#### Instructions to follow:
The records below must be repeated exactly, but without their pictures.

:: Supplied information ::

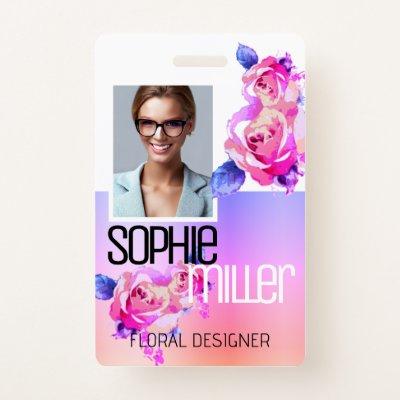 Photo Name Template Rainbow Ombre Flowers Roses  Badge
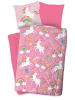 JACK Waschbare Kinder Wende Bettdecke 135x200cm Kissenbezug 80x80cm Einhorn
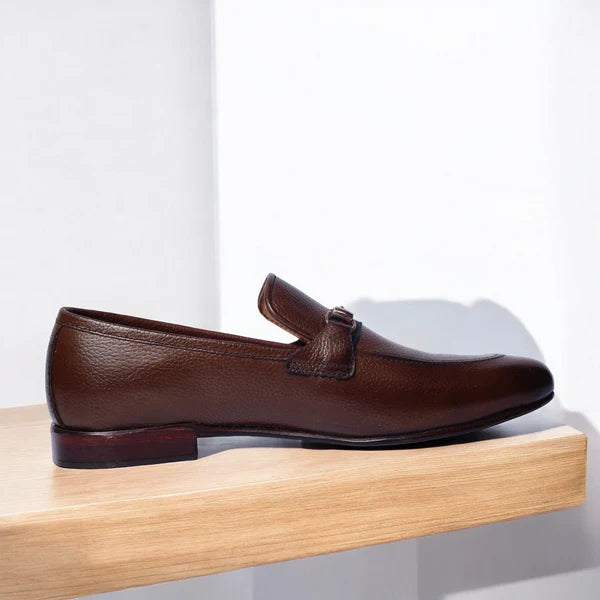 Premium Brown leather loafers with Gucci strap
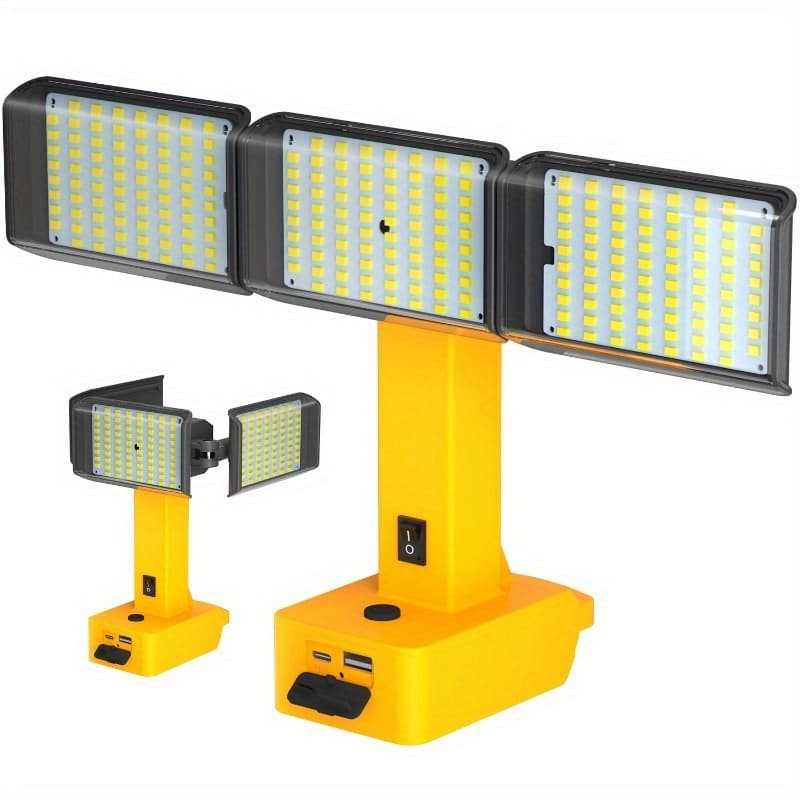 TEMU Portable Led Work Light For 20v/18v, 15w, Featuring Low Voltage Protection, Ideal For Outdoor Use, With Usb And Type-c Charging Options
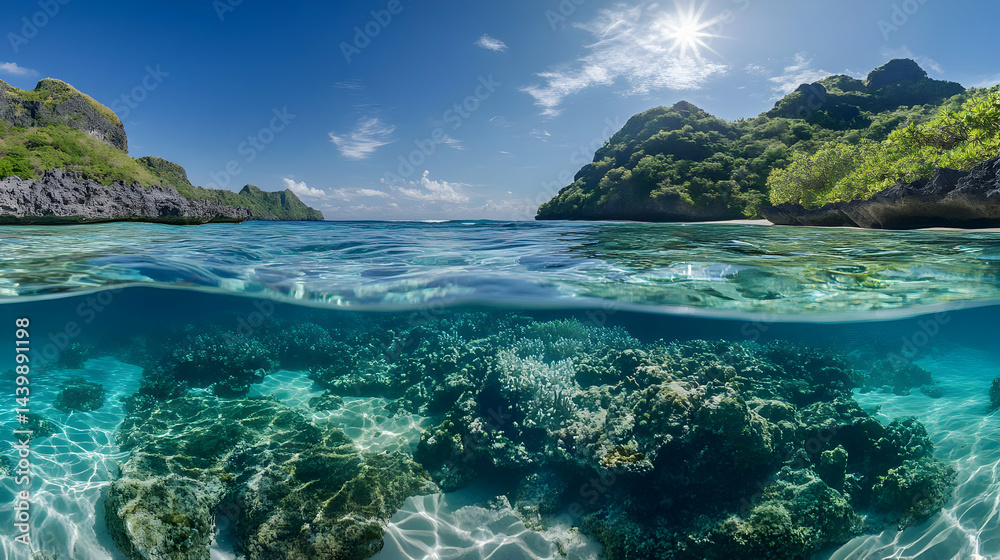 Fototapeta premium Tropical Island Paradise: Stunning Ocean and Coral Reef View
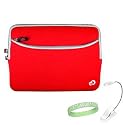 New Red Amazon Kindle DX Carrying Sleeve With Extra Pocket + White Ebook Reader Light + Live*Laugh*Love Wrist Band!!! (Kindle DX Not Included)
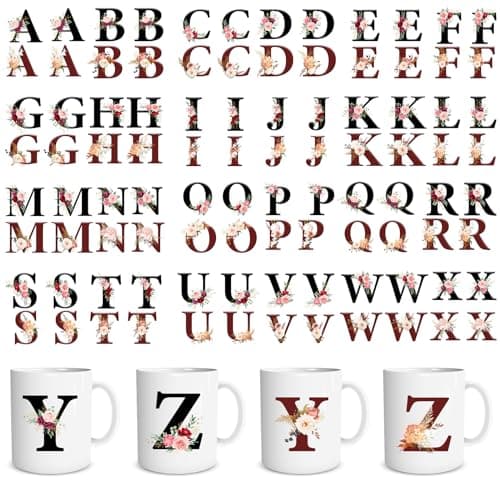 Rngmsi UV DTF Cup Wrap 13 Sheets Letter UV DTF Cup Wraps for 16 oz Alphabet Flower Uvdtf Decals Waterproof Rub on Transfer Stickers for Glass Cups Wood Crafts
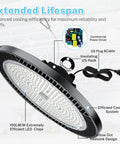 Six Pack 200W LED High Bay Light That Puts Out 30,000 Lumens 5000K For Warehouse Workshop Gym with US Hook and Cooling System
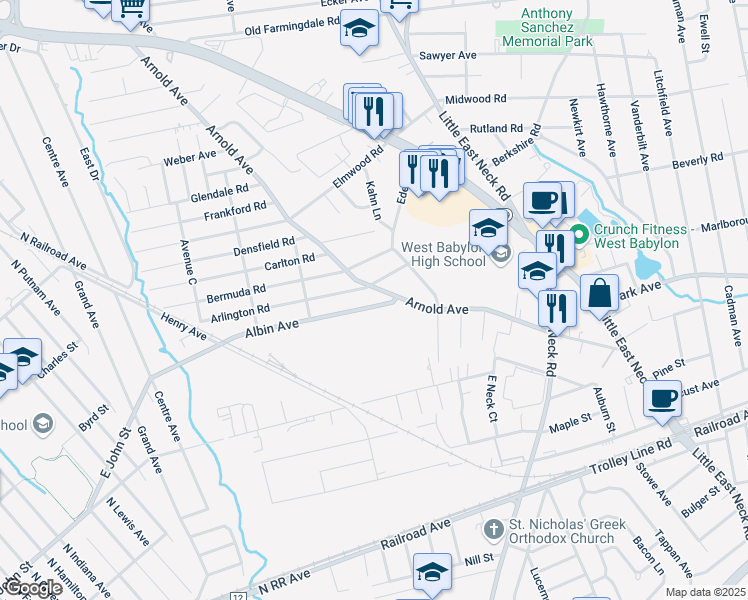 map of restaurants, bars, coffee shops, grocery stores, and more near 615 Albin Avenue in West Babylon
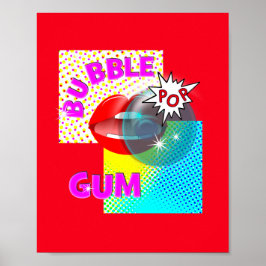 Funky Retro Pop Art Bubble Gum Lips ポスター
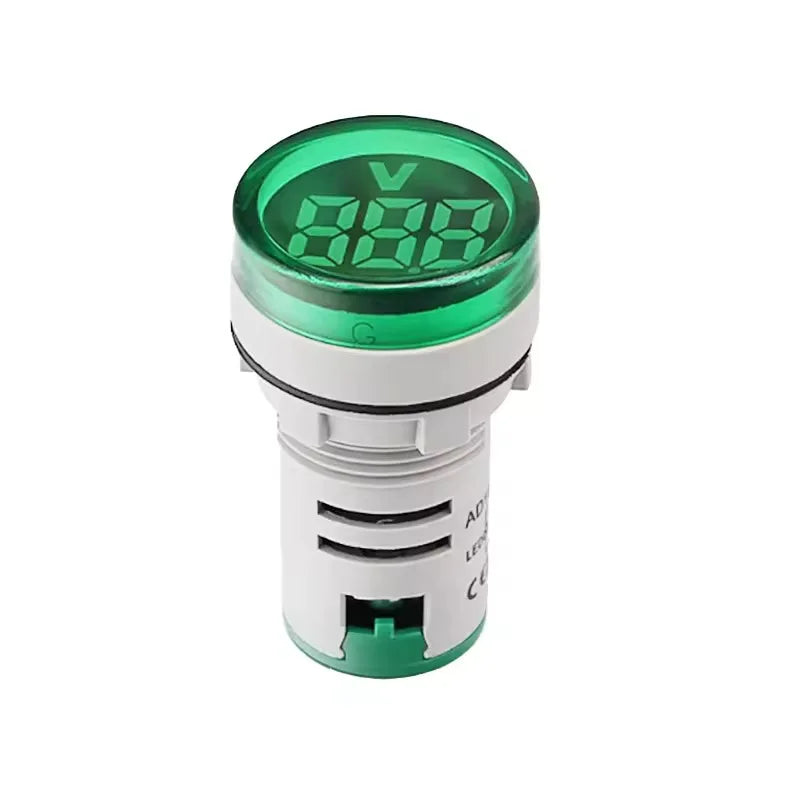 Mini LED Digital Display Voltmeter Alternating Current 60V-500V Digital Display Indicator Aperture 22mm Signal Lamp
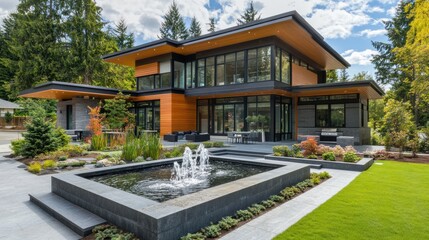 Modern house with a large backyard, featuring a water fountain and landscaping.
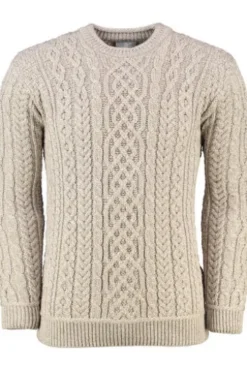 ARAN Rundhals Pullover beige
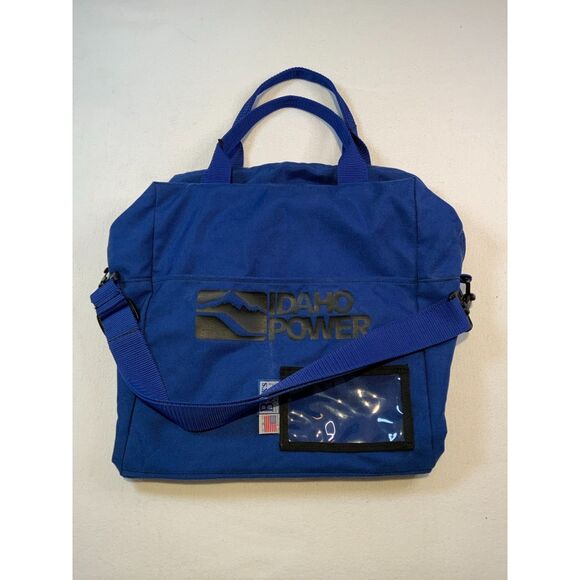 Vintage Idaho Power Utility Canvas Work Bag Blue Heavy Duty Shoulder Tote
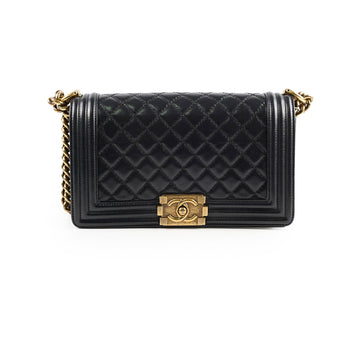 Top Quality Chanel Old Medium Boy Shiny Calfskin Black - Series 17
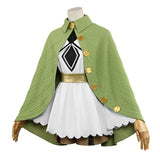 Mushoku Tensei Sylphiette Women White Dress with Green Cape Cosplay Costume Outfit Halloween Carnival Suit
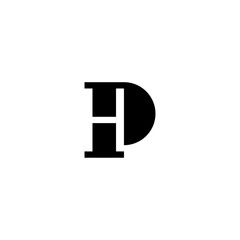 Creative monogram logo featuring letter P with letter H in negative space. Minimalist black and white initial design for professional corporate identity and modern branding. Clean vector icon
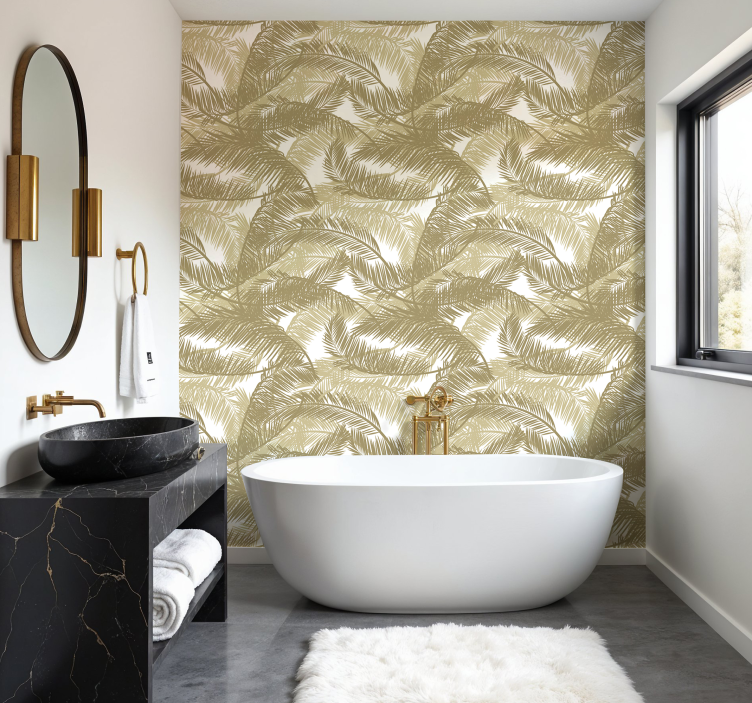 Lush Palm Motif leaf wallpaper - TenStickers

:::

#### Response below:
 Photo Name Template Rainbow Ombre Flowers Roses  Badge
 JACK Waschbare Kinder Wende Bettdecke 135x200cm Kissenbezug 80x80cm Einhorn
 Premium Brown leather loafers with Gucci strap
 TEMU Portable Led Work Light For 20v/18v, 15w, Featuring Low Voltage Protection, Ideal For Outdoor Use, With Usb And Type-c Charging Options
 Fototapeta premium Tropical Island Paradise: Stunning Ocean and Coral Reef View
 New Red Amazon Kindle DX Carrying Sleeve With Extra Pocket + White Ebook Reader Light + Live*Laugh*Love Wrist Band!!! (Kindle DX Not Included)
 Rngmsi UV DTF Cup Wrap 13 Sheets Letter UV DTF Cup Wraps for 16 oz Alphabet Flower Uvdtf Decals Waterproof Rub on Transfer Stickers for Glass Cups Wood Crafts
 Six Pack 200W LED High Bay Light That Puts Out 30,000 Lumens 5000K For Warehouse Workshop Gym with US Hook and Cooling System
 map of restaurants, bars, coffee shops, grocery stores, and more near 615 Albin Avenue in West Babylon
 Funky Retro Pop Art Bubble Gum Lips ポスター
 Mini LED Digital Display Voltmeter Alternating Current 60V-500V Digital Display Indicator Aperture 22mm Signal Lamp
 Modern house with a large backyard, featuring a water fountain and landscaping.
 ARAN Rundhals Pullover beige
 Vintage Idaho Power Utility Canvas Work Bag Blue Heavy Duty Shoulder Tote
 Top Quality Chanel Old Medium Boy Shiny Calfskin Black - Series 17
 Mushoku Tensei Sylphiette Women White Dress with Green Cape Cosplay Costume Outfit Halloween Carnival Suit
 Creative monogram logo featuring letter P with letter H in negative space. Minimalist black and white initial design for professional corporate identity and modern branding. Clean vector icon
 Lush Palm Motif leaf wallpaper - TenStickers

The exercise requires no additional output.